Start of Block

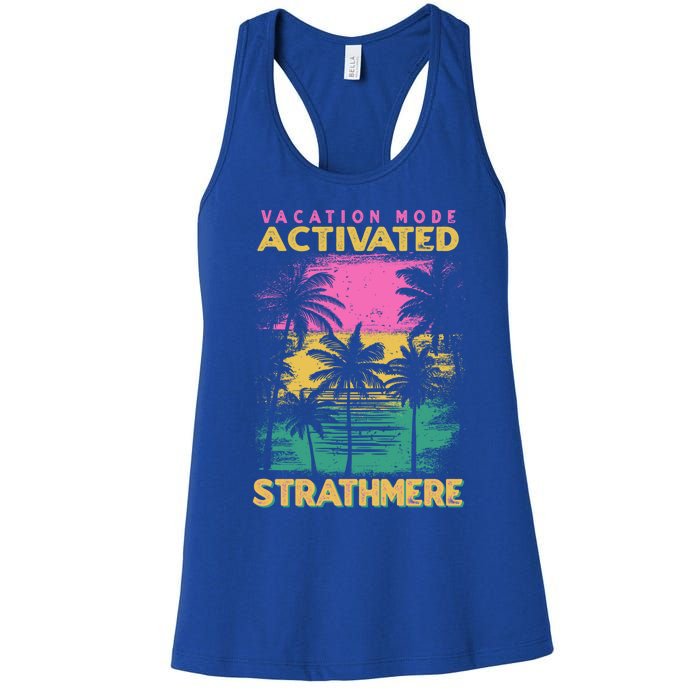 New Jersey Vacation Mode Activated Strathmere Great Gift Women's Racerback Tank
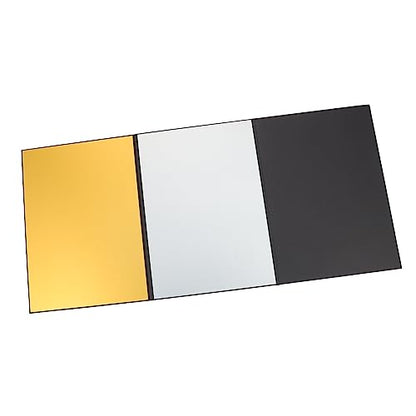 jojofuny Photography Collapsible Reflector A4 Size Reverse Plate Tool White Balance Card for Glass Jewelry Cosmetics Food Photography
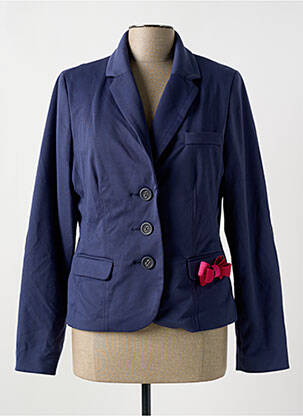 Blazer poches bleu WOMAN BY URBANY femme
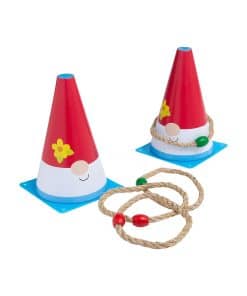 Juego de Lanzamiento de Conos de Gnomos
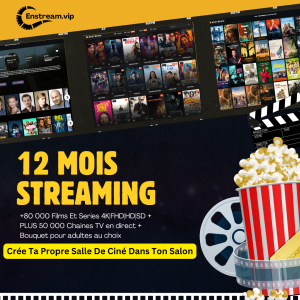 12 Mois Streaming avec zone-streaming.online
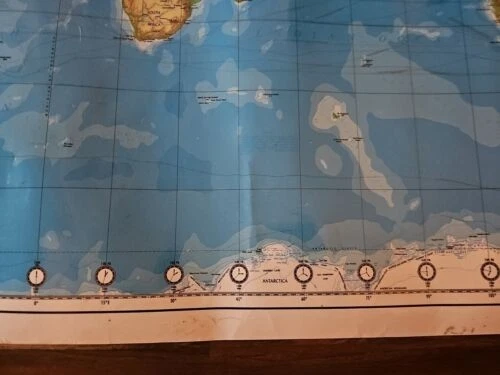 World Wall Map Defense Mapping Agency Mercator Projection Map 42X56 Gigantic - Image 4 of 4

End of Block

§ ASSIGNMENT
In your copy, restate the data above word for word but leave out any picture.

§ WRITTEN RESPONSE
 New Jersey Vacation Mode Activated Strathmere Great Gift Women's Racerback Tank
 jojofuny Photography Collapsible Reflector A4 Size Reverse Plate Tool White Balance Card for Glass Jewelry Cosmetics Food Photography
 Blazer poches bleu WOMAN BY URBANY femme
 Juego de Lanzamiento de Conos de Gnomos
 12 Mois Streaming avec zone-streaming.online
 World Wall Map Defense Mapping Agency Mercator Projection Map 42X56 Gigantic - Image 4 of 4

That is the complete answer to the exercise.